Even more dramatic changes are afoot around Smithfield meat market, which is located on the City’s north-west fringe. Redundant and decaying historic market halls are being revamped with the planned move of Museum of London, which will be a centrepiece of a new cultural quarter that will be bookended by the City’s two new Crossrail stations at Moorgate and Farringdon. “We’re planning to transform that area into a really vibrant destination for Londoners,” she says.

Change of heart

The scheme itself reflects a change of heart at the City, which only a couple of years ago was backing controversial plans for the wholesale redevelopment of the site for modern offices.

As for the existing Museum of London site at the Barbican, Dwyer says that the Corporation has been inundated with entries for the competition to design the new concert hall, which the authority is now leading on following the government’s withdrawal of support.

And the Corporation’s ambitions don’t stop at the boundaries of the City, as was seen last month when it stepped in to buy the affordable housing element of a Berkeley Homes development in Kensington which will be used to rehouse victims of the Grenfell Tower disaster.

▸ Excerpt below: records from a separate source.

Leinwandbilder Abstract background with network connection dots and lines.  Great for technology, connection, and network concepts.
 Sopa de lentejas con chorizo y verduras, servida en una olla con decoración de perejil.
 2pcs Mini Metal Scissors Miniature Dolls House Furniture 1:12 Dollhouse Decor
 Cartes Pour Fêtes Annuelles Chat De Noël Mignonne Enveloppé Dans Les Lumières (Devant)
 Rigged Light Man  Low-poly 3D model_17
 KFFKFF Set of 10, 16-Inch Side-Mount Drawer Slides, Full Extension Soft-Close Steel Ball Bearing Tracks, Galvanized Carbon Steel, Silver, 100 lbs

This purchase won’t be a one-off: the Corporation – which has a long tradition of preserving space within the Square Mile for employment while providing affordable homes in other parts of the capital – has committed to delivering 3,700 affordable homes across London as its contribution to tackling the capital’s housing shortage, which in the long term threatens to undermine its economy.

Similar thinking underpins the Corporation’s “huge” support for Crossrail 2, even though it will bump business rates bills and doesn’t even serve the City of London.

Dwyer, who commutes into the City from Brighton, says: “We try not to take a perspective just within the Square Mile, because the Square Mile only works as part of London.”

And having a City that is more open for business is something we can all probably drink to.